- _Exercise directions_
Every record below should be repeated exactly. Omit the pictures.
── Records for the task ──
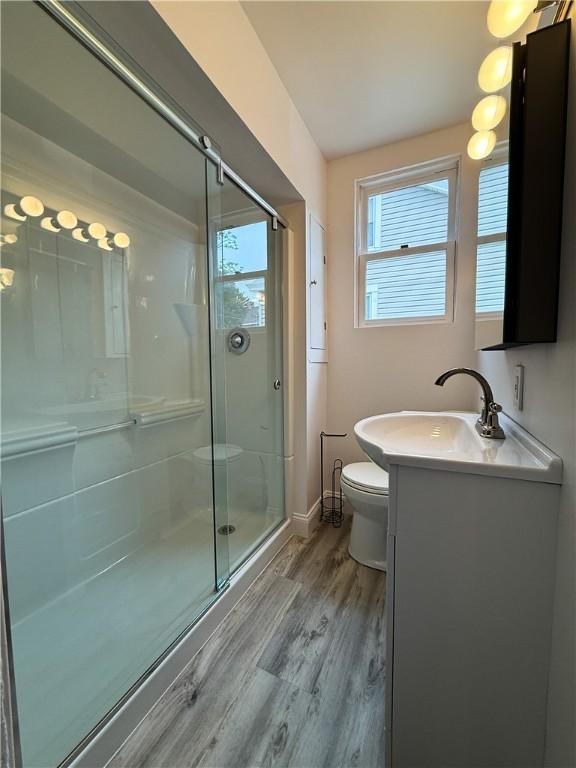 610 Southern Ave, Mt Washington, PA 15211 - full bath with vanity, toilet, wood finished floors, a shower stall, and baseboards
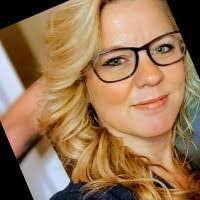 Robin Moats's Instagram, Twitter & Facebook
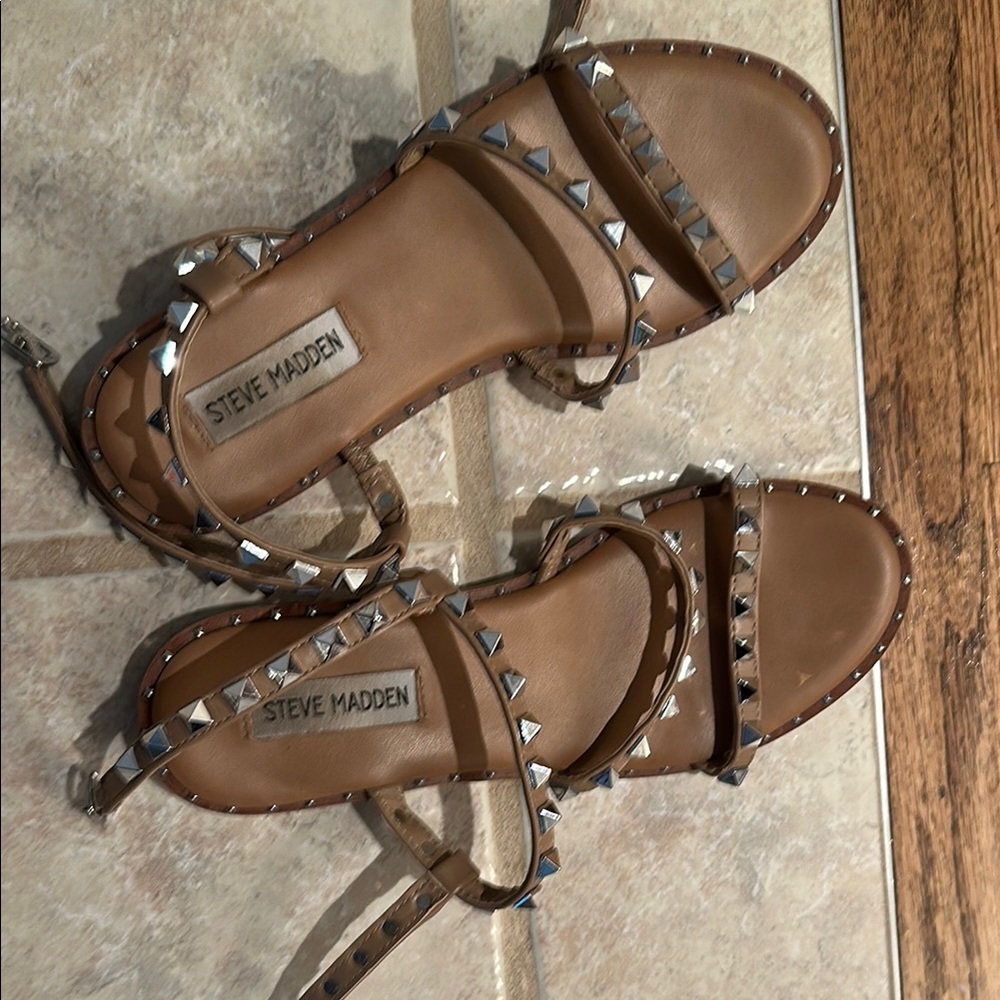Steve Madden Tan Studded Sandals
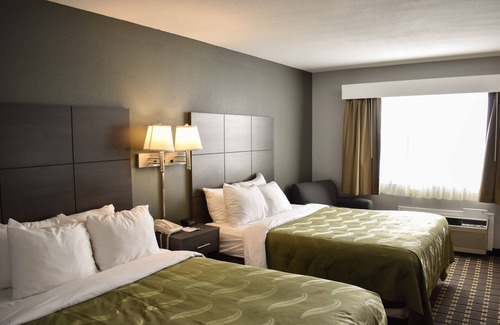 Mauston Hotel | Quality Inn Mauston I-90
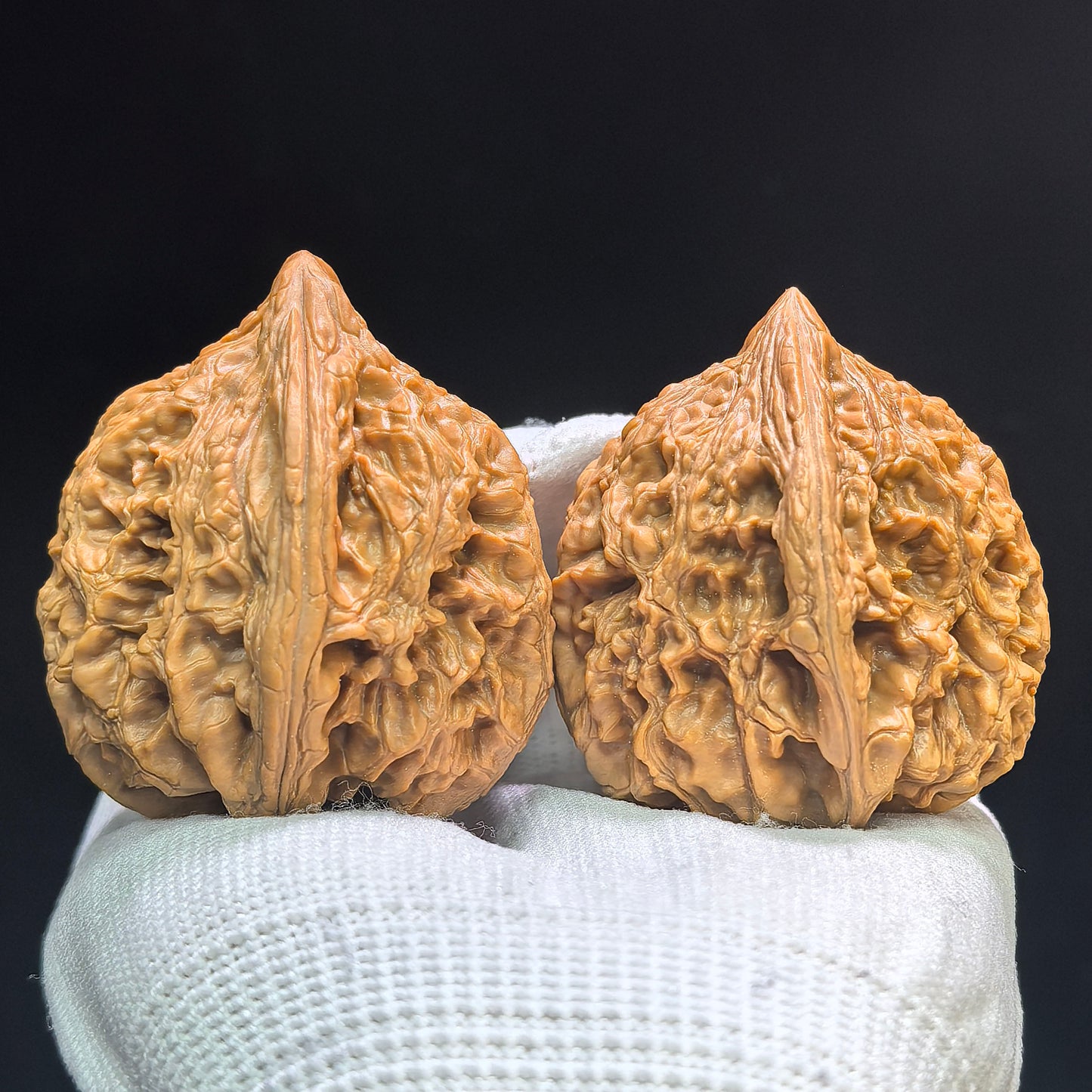 "Dagu Stone" Dagu Shi DGS-1601 Tall-Profile Wenwan Walnuts Pair | 39.0mm x 45.0mm | DGS-1601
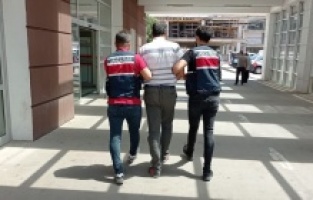 Teröristlere ‘Leşker” temin eden eski öğretmen tutuklandı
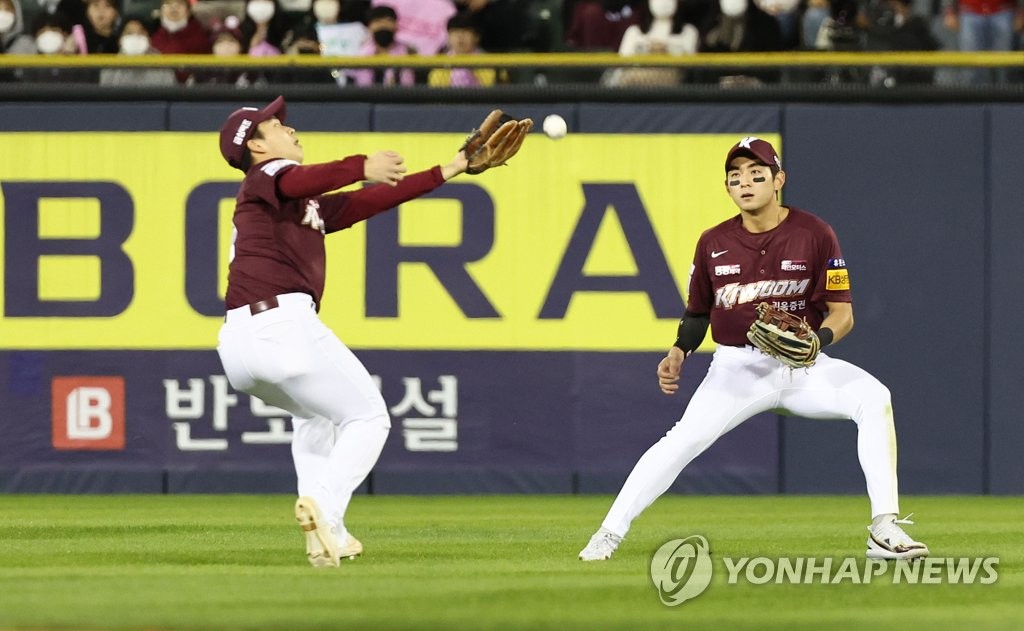 Kiwoom Heroes shortstop Kim Whee-jip (L) misses a flyball against the LG Twins during the bottom of the third inning of Game 1 of the second round in the Korea Baseball Organization postseason at Jamsil Baseball Stadium in Seoul on Oct. 24, 2022. (Yonhap)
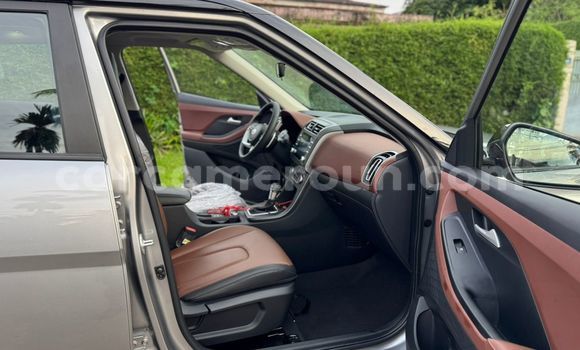 Sayi Sabo Hyundai Creta Azurfa Mota in Yaounde a Babban Kamaru Sayi Sabo Hyundai Creta Azurfa Mota in Yaounde a Babban Kamaru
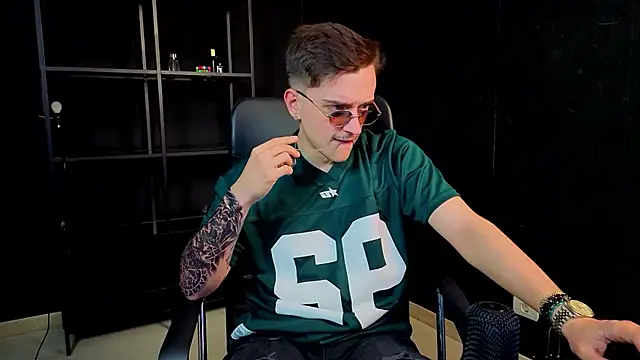 Онлайн чат XXX FelixStarkk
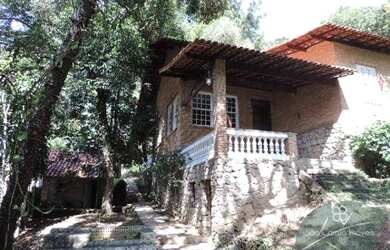 Imagem: A casa em condomínio possui 2 Dormitórios, 5 Banheiros, 5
───
- _Written answer_
 610 Southern Ave, Mt Washington, PA 15211 - full bath with vanity, toilet, wood finished floors, a shower stall, and baseboards
 Robin Moats's Instagram, Twitter & Facebook
Steve Madden Tan Studded Sandals
 Mauston Hotel | Quality Inn Mauston I-90
 "Dagu Stone" Dagu Shi DGS-1601 Tall-Profile Wenwan Walnuts Pair | 39.0mm x 45.0mm | DGS-1601
 Teröristlere ‘Leşker” temin eden eski öğretmen tutuklandı
 Kiwoom Heroes shortstop Kim Whee-jip (L) misses a flyball against the LG Twins during the bottom of the third inning of Game 1 of the second round in the Korea Baseball Organization postseason at Jamsil Baseball Stadium in Seoul on Oct. 24, 2022. (Yonhap)
 Sayi Sabo Hyundai Creta Azurfa Mota in Yaounde a Babban Kamaru Sayi Sabo Hyundai Creta Azurfa Mota in Yaounde a Babban Kamaru
 Онлайн чат XXX FelixStarkk
 Imagem: A casa em condomínio possui 2 Dormitórios, 5 Banheiros, 5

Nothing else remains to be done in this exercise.